Je me souviens très bien que ma première vraie rupture (désolé pour ceux d’avant) s’est terminée comme il se doit. Quoique qu’extrêmement douloureuse, les mots prononcés avaient le mérite d’être clairs et sans équivoque. JE. NE. T’AIME. PLUS. Rien de plus, rien de moins. Pas de r’venésie possible. Il y a eu des larmes, des nuits blanches de questionnements, de la colère. Mais que ce soit vrai ou non, cet homme a fait montre d’un grand respect. J’ai été psycho pendant un temps, je lui ai envoyé des courriels d’insultes, je lui ai crié des bêtises au téléphone et j’ai pris TOUTE la place quand on se trouvait dans la même pièce. J’ai été une sale petite pute. Mais quand je l’appelais, il répondait, calmement, toujours prêt à faire la paix. Il finissait toujours par me répéter les mêmes choses: « Je ne t’aime plus, tu dois passer à autre chose ». Anyway, quand un gars ne t’aime plus, ça paraît, il assume et vit « bien » avec ça. Il n’a pas peur de t’affronter et de se commettre. Dans ce temps-là, t’as pas le choix de prendre ton trou et de regarder ailleurs.

Est-ce que la rémission est plus facile? Non. Est-ce qu’il y a encore de l’espoir? Peut-être, mais vraiment juste un petit tiny fond inutile et vide de sens. Chose certaine, je n’ai pas attendu comme une conne qu’il se rejette dans mes bras. Il avait été clair, c’était fini pour la vie.

Depuis, on s’est tout pardonné et c’est même devenu un ami proche, le genre d’ami que je connais comme le fond de ma poche, qui me tombe souvent sur les nerfs,  mais que j’aime d’un amour inconditionnel. J’ai juste envie de le respecter d’avoir été aussi sensible et sensé dans les circonstances. Tout ça, parce qu’il a fait ce que je me suis évertué à faire avec les autres: « m’accompagner » dans la rupture.

Tous, sauf un.

Ce « un », c’est celui que j’ai dompé en lui disant que je l’aimais toujours, mais que je devais d’abord aller au bout de ce qui trottait dans ma tête i.e. une histoire de marde qui allait allait finir dans le ventilateur (when shit hits the fan). Je lui ai candidement dit, avec les meilleures intentions du monde, que la porte n’était pas fermée et qu’un jour, peut-être, après avoir fait mes niaiseries, je reviendrais vers lui. ER-REUR. J’ai mis ce magnifique garçon dans un mode attente et d’espoir intenable, jusqu’à ce qu’il décide que j’étais le pire trou d’cul de la Terre et qu’il me sorte de sa vie à tout jamais. Et il avait raison.

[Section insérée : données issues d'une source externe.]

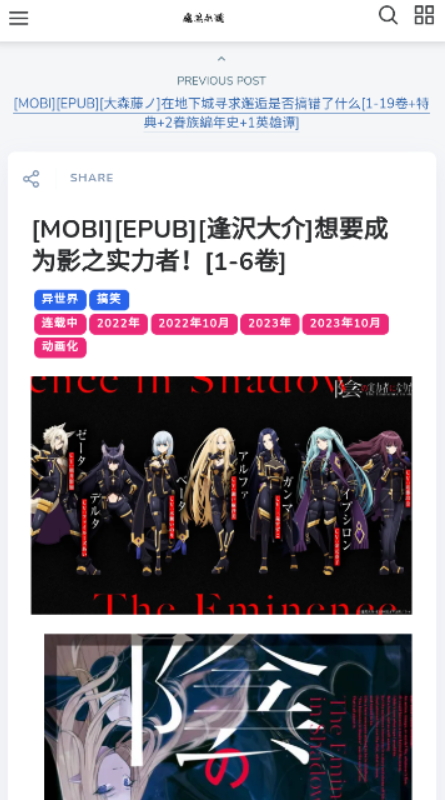 魔笔小说app1.1.0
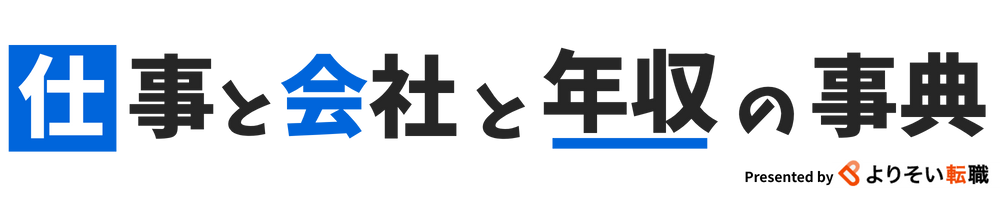 仕事と会社と年収の事典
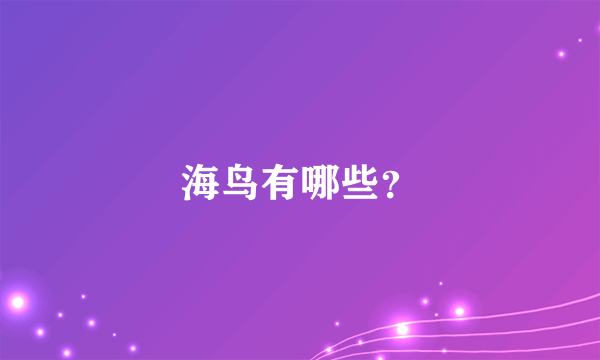海鸟有哪些？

Quand on prétend que l’autre compte vraiment, l’accompagner dans la rupture ne signifie pas être présent et disponible tous les jours pour répondre à ses appels de détresse (les amis sont là pour ça). Ça ne signifie pas non plus répondre à tous ses textos ou ses lettres d’amour désespérées (et sans doute désespérantes). Ça signifie simplement établir des balises sans ambigüité sur la fin de l’aventure amoureuse et lui offrir un minimum de soutient vers l’amitié. Ne. Pas. Fuir. Me semble que c’est pas compliqué. C’est juste offrir à l’autre le respect que l’amour-inconditionnel-désormais-chose-du-passé devrait inspirer. Parce qu’on ne laisse pas toujours dans la rancœur et la colère. Parfois, souvent même, on laisse avec une grande tristesse parce qu’on sait qu’on perd beaucoup. Quand on « aime » toujours, ne vaut-il pas mieux tout tenter pour mettre en place une bonne « gestion » de la rupture. Évidemment, ça demande des efforts et, on va se le dire, on n’est pas tous gearé pour ça.

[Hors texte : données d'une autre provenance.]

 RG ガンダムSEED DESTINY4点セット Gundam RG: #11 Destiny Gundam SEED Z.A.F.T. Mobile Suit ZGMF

Au final, on est des adultes intelligents (enfin, je l’espère) et on devrait être capables d’établir un semblant d’harmonie dans la rupture afin d’établir tranquillement les bases d’une future amitié. Traite-moi comme un ami et j’agirai comme un ami. Parce qu’on peut réussir une rupture, tout comme on peut, si on le veut, réussir son couple. Mais pour que ça réussisse, il faut y mettre du sien, à deux. Il suffit d’assumer ses décisions, d’aimer son vis-à-vis sincèrement, de vouloir le garder dans sa vie et de croire que c’est possible. Le reste devrait aller de soi.

Ou comme dirait mon grand ami le gummy bear des neiges: « Même si parfois, il faut juste donner un peu de temps au temps! ». Le fucking temps.